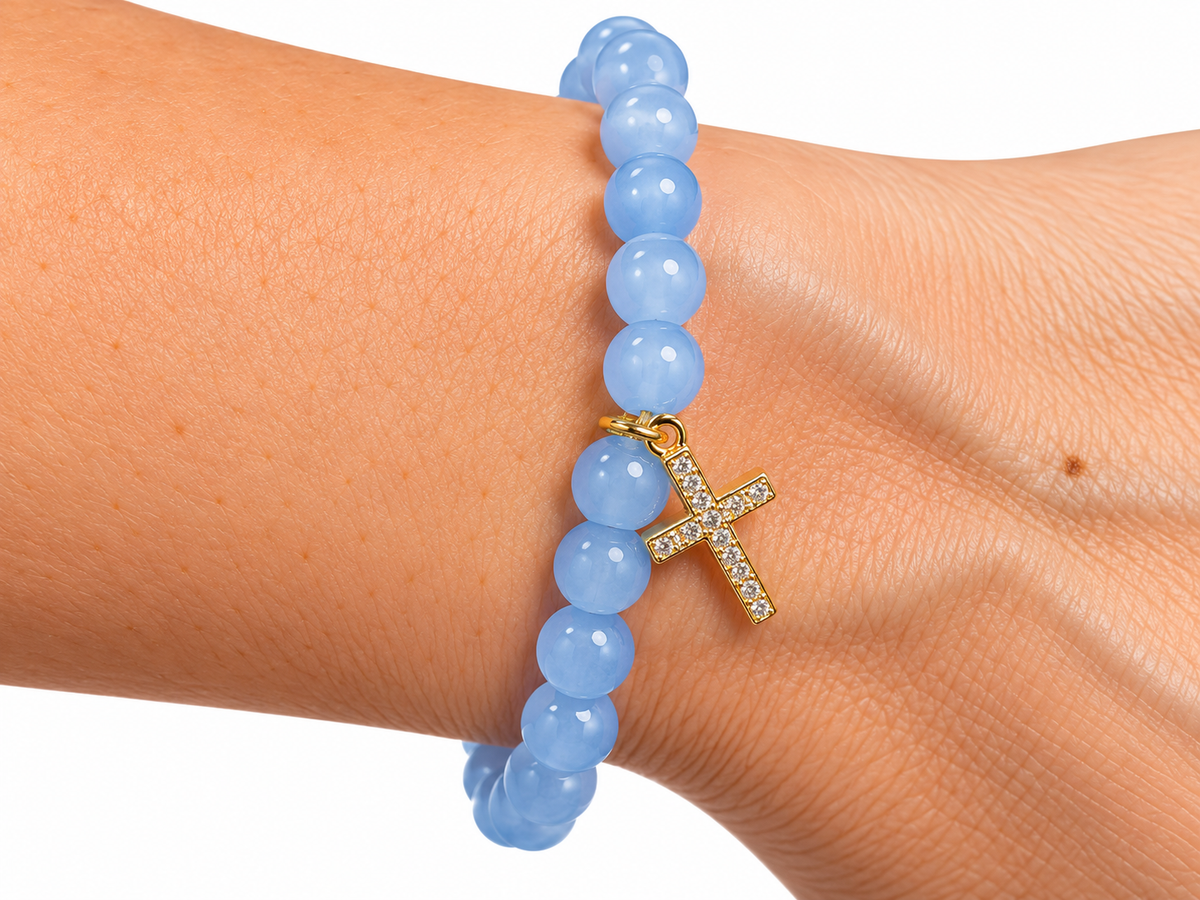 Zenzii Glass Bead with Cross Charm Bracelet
---
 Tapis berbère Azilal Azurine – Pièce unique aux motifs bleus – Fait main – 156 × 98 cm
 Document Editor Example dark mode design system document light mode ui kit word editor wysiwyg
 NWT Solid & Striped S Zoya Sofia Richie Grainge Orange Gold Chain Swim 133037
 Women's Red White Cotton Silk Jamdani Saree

What you should do: Please return only the lines above, starting at the line that has "Tapis berbère Azilal" and ending at the line that has "Women's Red White Cotton Silk Jamdani Saree", keeping both and leaving each one unchanged.

Exercise output:
 Tapis berbère Azilal Azurine – Pièce unique aux motifs bleus – Fait main – 156 × 98 cm
 Document Editor Example dark mode design system document light mode ui kit word editor wysiwyg
 NWT Solid & Striped S Zoya Sofia Richie Grainge Orange Gold Chain Swim 133037
 Women's Red White Cotton Silk Jamdani Saree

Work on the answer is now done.